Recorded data
Content starts

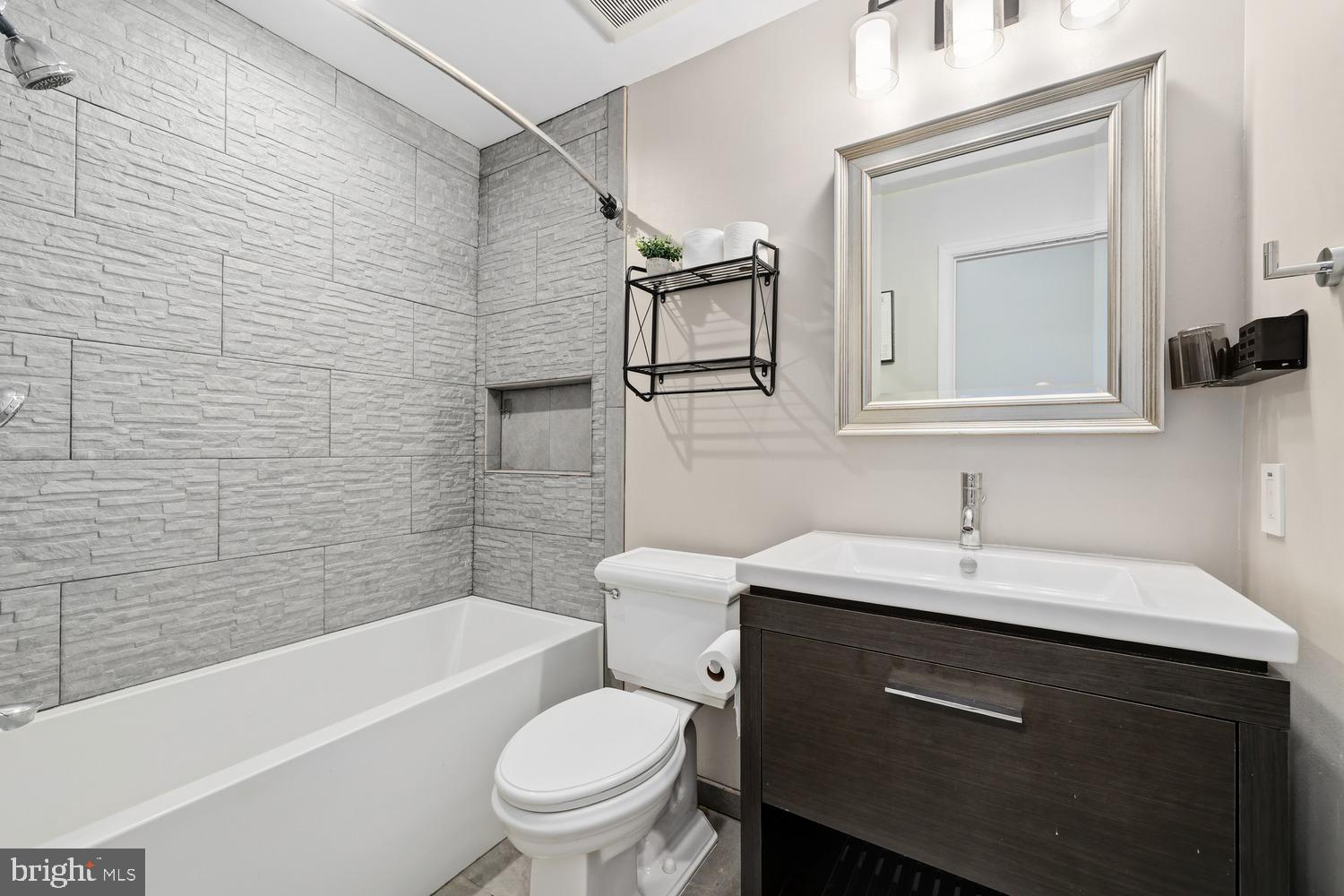 CENTER TERRACE - Residential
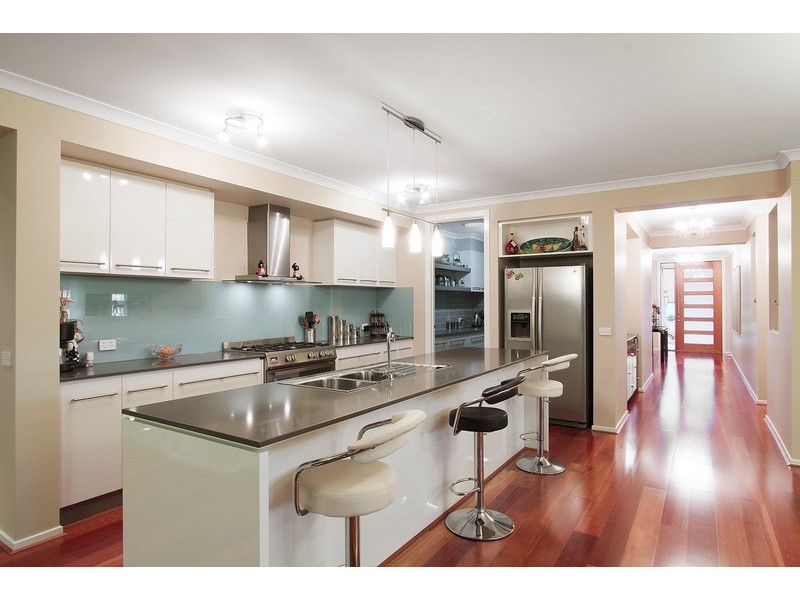 57 Cambridge Drive, Berwick VIC 3806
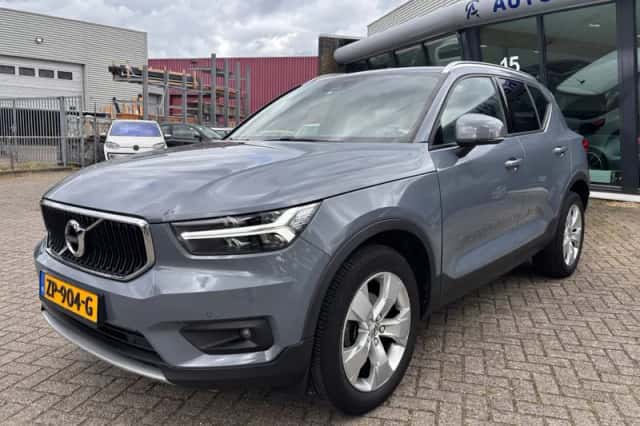 Volvo XC40 (2019) thumbnail 6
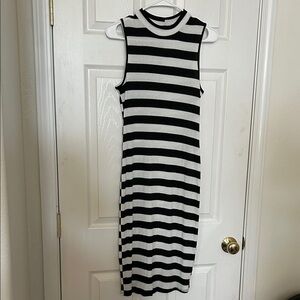 Rue21 Black and White Striped Midi Dress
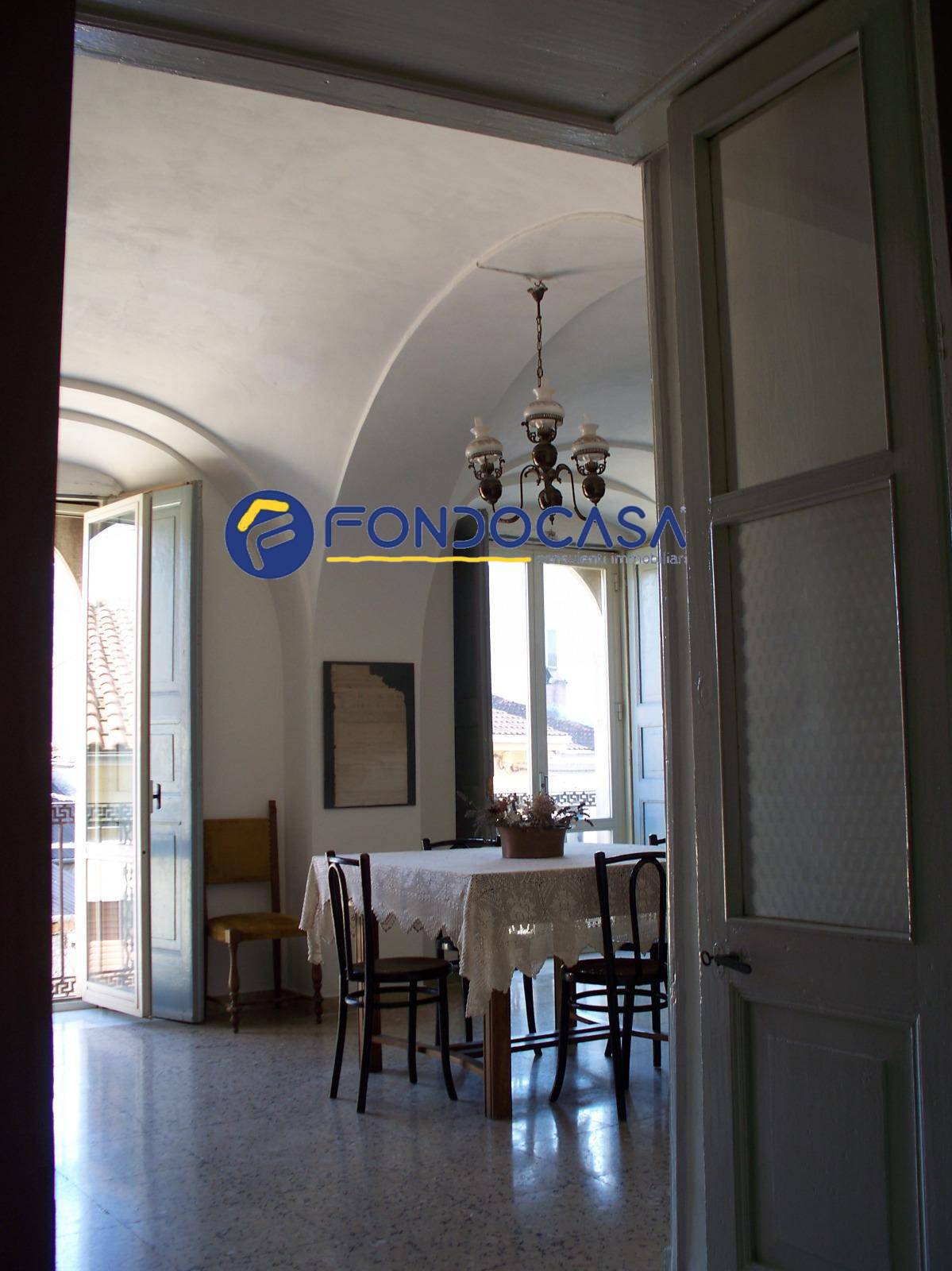 Palazzo intero stabile in vendita a Carpinone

Content ends

YOUR INSTRUCTIONS
Where the line with "57 Cambridge Drive, Berwick VIC 3806" appears, begin there and transcribe exactly through the last line of the data, leaving all pictures aside.

WRITTEN ANSWER
 57 Cambridge Drive, Berwick VIC 3806
 Volvo XC40 (2019) thumbnail 6
 Rue21 Black and White Striped Midi Dress
 Palazzo intero stabile in vendita a Carpinone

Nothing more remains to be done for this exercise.